A property tax lien is a lien or claim for money due to a federal, state, or local government for unpaid and delinquent taxes. For example, the federal government may place a lien on a homeowner’s home or other real property for unpaid federal income taxes, and state and local governments (often counties) may place a lien on real property for unpaid income or property taxes.
The federal, state, or local government entity—also known as a taxing authority—may seek to recover payment for unpaid taxes by forcing the sale of the property on which the lien is placed in the foreclosure process—a process in which the validity of the lien and satisfaction (payment) for the lien is litigated or determined in court.

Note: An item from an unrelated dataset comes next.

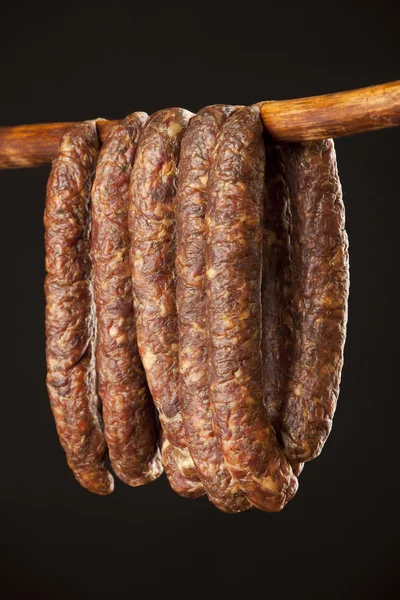 Domestic sausage on a stick — Stock Photo, Image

In West Virginia, a property tax lien is a legal claim against a property for unpaid property taxes. When property taxes are delinquent, the county in which the property is located may place a lien on the property. This lien ensures that the tax authority gets first claim over other creditors in regards to the property. If the taxes remain unpaid, the county can initiate a tax lien sale, where the lien is sold to an investor. The investor can then collect the unpaid taxes plus interest from the homeowner, or eventually foreclose on the property if the debt remains unpaid. The process for enforcing tax liens, including foreclosure, is governed by state statutes, and the specific procedures can vary by county. The foreclosure process involves litigation in court, where the validity of the lien and the satisfaction of the debt are determined. Additionally, for federal income taxes, the Internal Revenue Service (IRS) can place a federal tax lien against all assets of a taxpayer, including real property, if federal taxes are not paid.